INPUT DATA:
================================

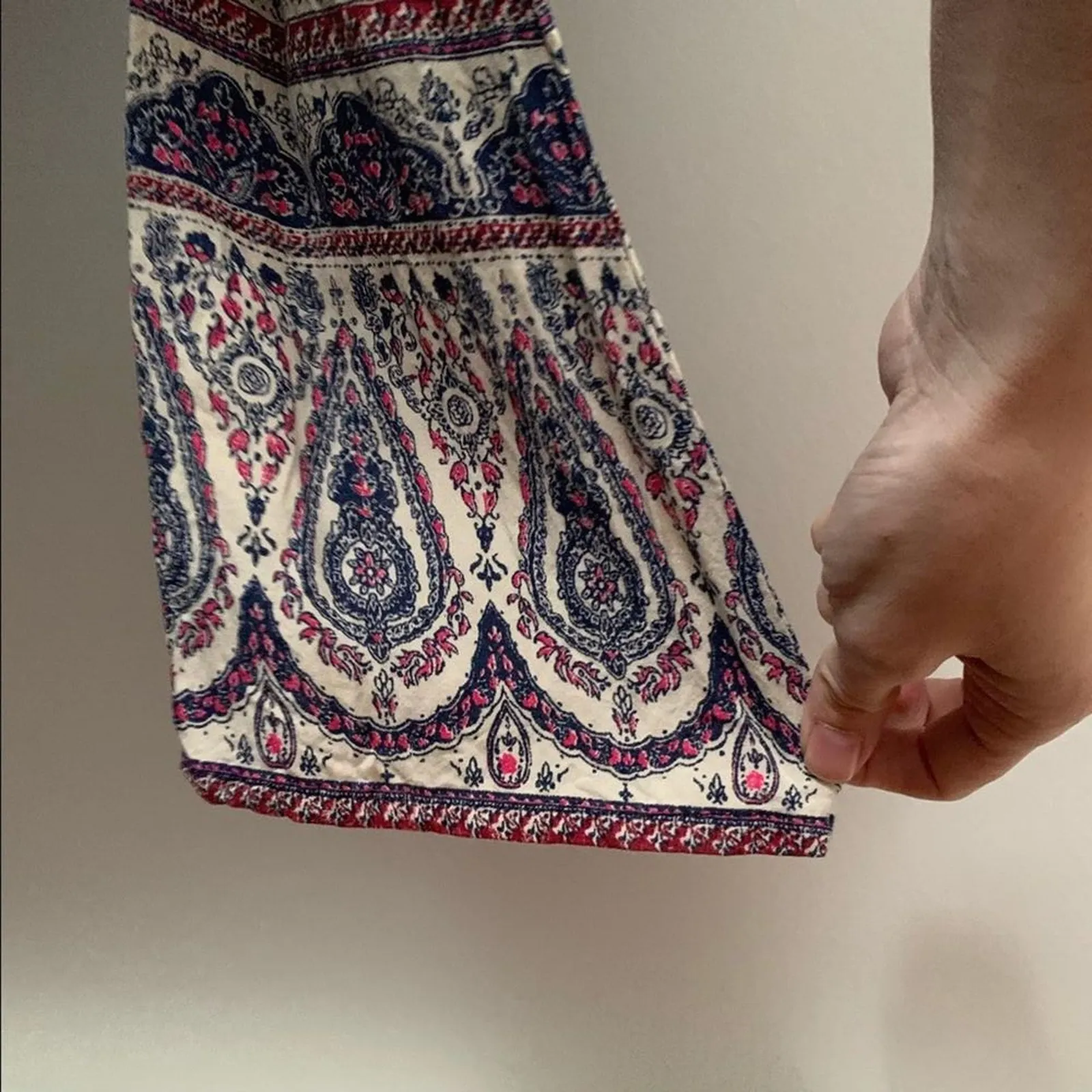 Billabong Long Sleeve Tunic Top Boho Paisley Print Size M Blue Red Tassels - Image 4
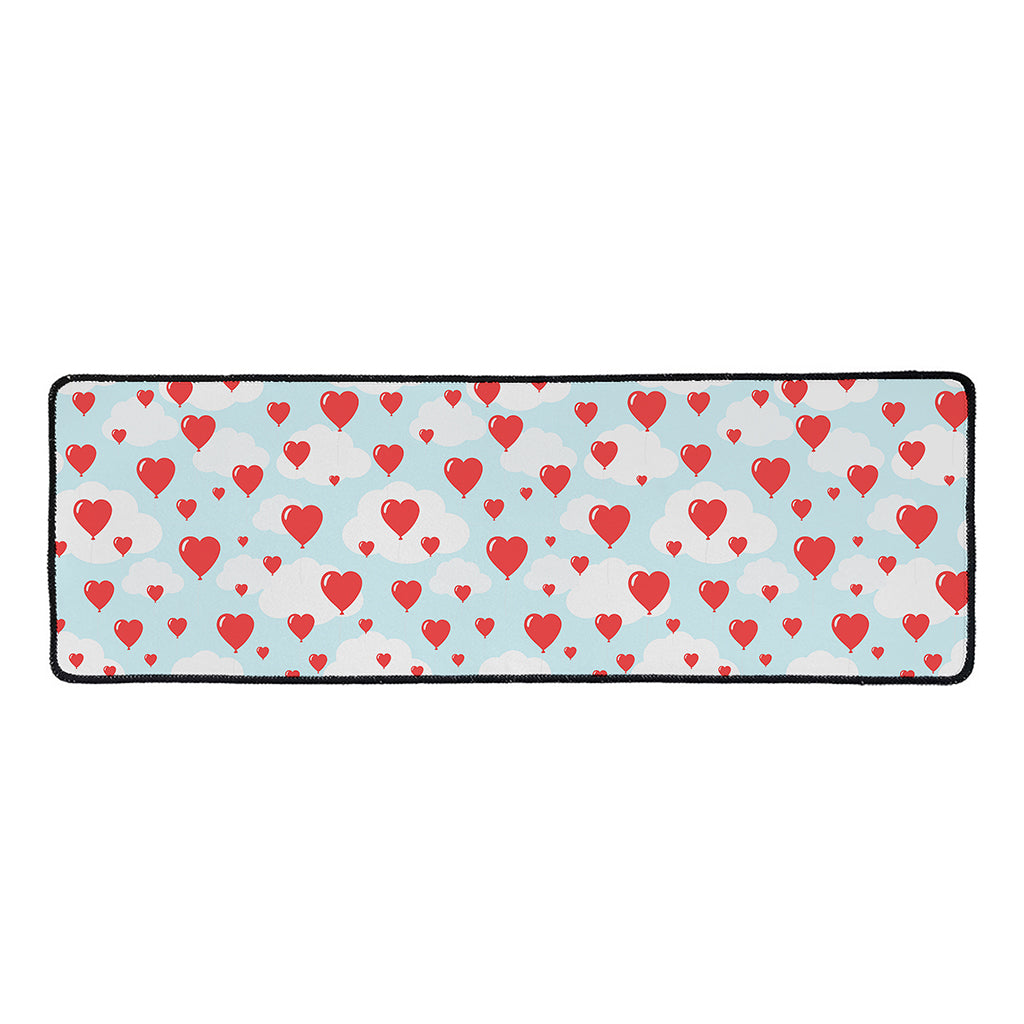 Red Heart Balloon Pattern Print Long Kitchen Mat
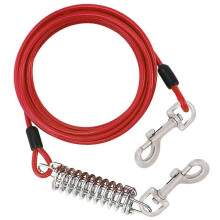 (Red) 300cm Dog Leash with Shock Absorbing Spring Heavy Duty Pet Traction Rope Walking Leash for Small Pet Dogs Escape Proof  Silver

================================

TO DO:
Keep the pictures out of the copy and write out the data exactly as it stands.

REPLY TO THE EXERCISE:
 Billabong Long Sleeve Tunic Top Boho Paisley Print Size M Blue Red Tassels - Image 4
 Red Heart Balloon Pattern Print Long Kitchen Mat
 (Red) 300cm Dog Leash with Shock Absorbing Spring Heavy Duty Pet Traction Rope Walking Leash for Small Pet Dogs Escape Proof  Silver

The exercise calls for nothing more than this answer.